On ne peut plus dire que tout se réduit à des séquences linéaires. Les géomètres savent que le plan n'est pas isomorphe à la droite, même si on peut le "coder", "point par point". Il y a certes une bijection du plan sur la droite, mais la fonction est discontinue en tous ses points. Le sens est perdu, en tous cas ce qui compte le plus pour le plan : sa structure topologique, ses propriétés d'espace métrique.
Hebdo : C'est ce que vous enseignez à Normale Supérieure ?
G.L. Dans le département d'informatique de l'ENS, le travail est centré sur l'informatique. Mes élèves travaillent par exemple sur la mobilité dans les réseaux. Vous pouvez en voir les thèmes sur le site du département.

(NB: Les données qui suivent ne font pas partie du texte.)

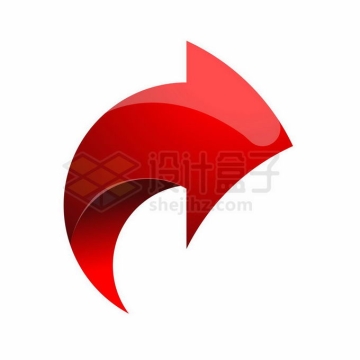 3D立体风格红色循环方向箭头7207859矢量图片免抠素材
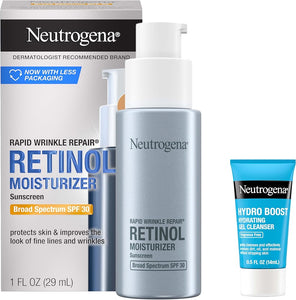 Neutrogena Rapid Wrinkle Repair Moisturizer SPF 30 + Trial Cleanser, 2 pk - Personal Care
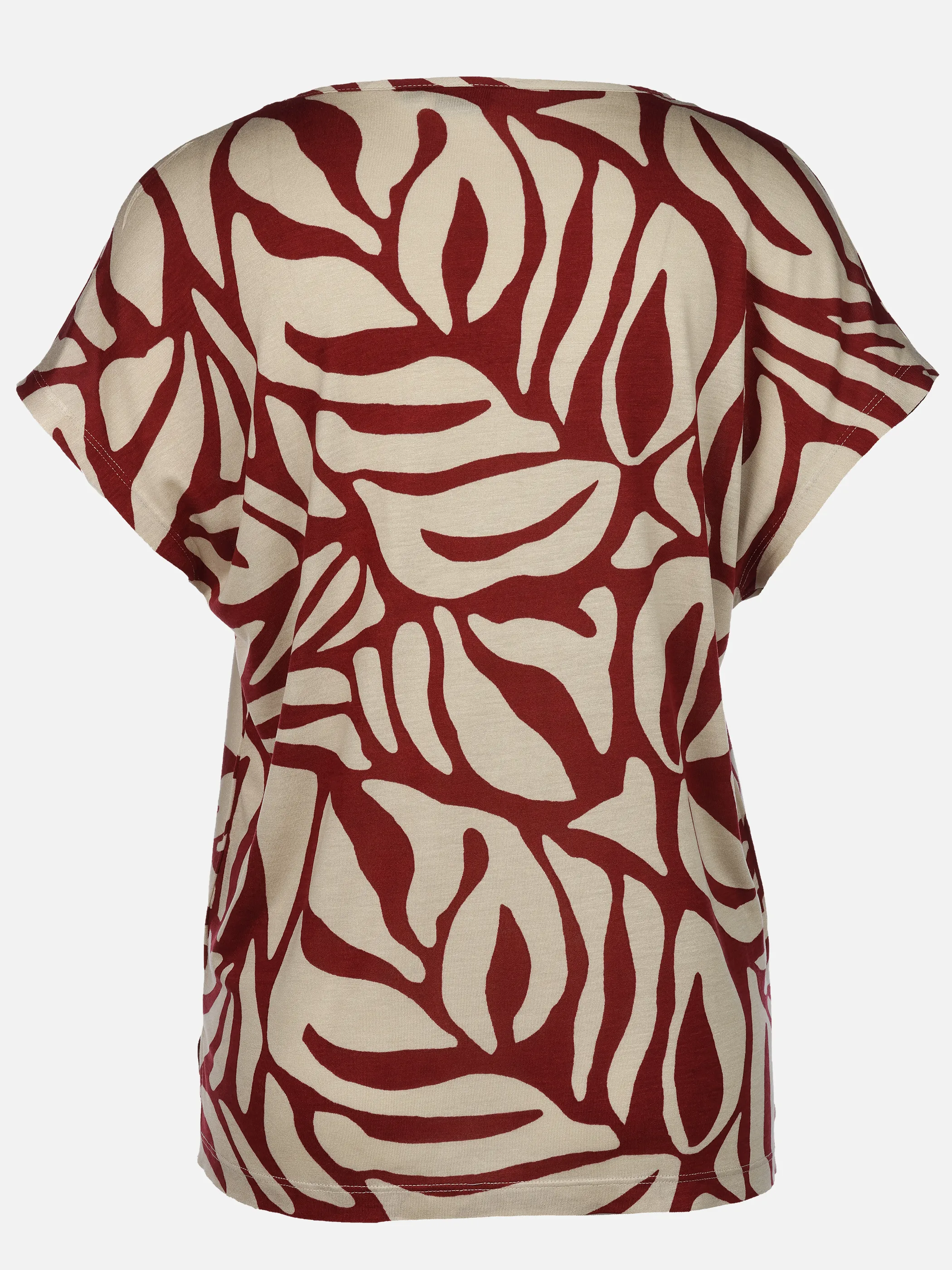 Lisa Tossa Da-Materialmix T-Shirt Rot 926208 RHUBARB 2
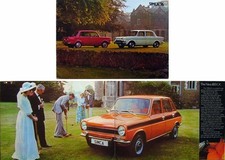 Simca 1000 & 1100 1975/76 Original UK Sales Brochure Pub. No. C2063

Mon projet personnel aura peut-être des retombées en informatique (j'ai d'ailleurs été, il y a quelques années, pour mon travail sur les langages fonctionnels, consultant pour Digital Equipment).
Mais il a une portée plus vaste. Je vise une épistémologie des mathématiques qui permettait une bonne analyse de l'espace, qui tienne compte du fait qu'elles le rendent intelligible. Et je le fais en cherchant le croisement entre mathématiques, physique et sciences du vivant, notamment dans le cadre du séminaire "Géométrie et cognition".
En fait, le cerveau est tout sauf une machine de Turing. Il est le siège d'une dynamique des formes, d'une morphogénèse permanente. Le système nerveux comporte bien des processus digitaux, mais ils ne suffisent pas. Par exemple, la vision rétinienne a sûrement une composante digitale. Mais nous en comblons les "trous" par les mouvements de l'oeil, piloté par le système nerveux de la vision. En utilisant ainsi les "saccades", la directionalité des neurones du cortex, leurs connexions multiples, notre cerveau "intègre", dessine des courbes qui ne sont pas préexistantes, interpole des lignes jusque là incomplètes.
Le neurone ne se réduit pas à quelques schémas digitaux, comme une porte logique. Le fonctionnement des neuroconnecteurs ne peut se comprendre sans analyser la géométrie des protéines mises en cause, des connexions synaptiques ou des cascades biochimiques.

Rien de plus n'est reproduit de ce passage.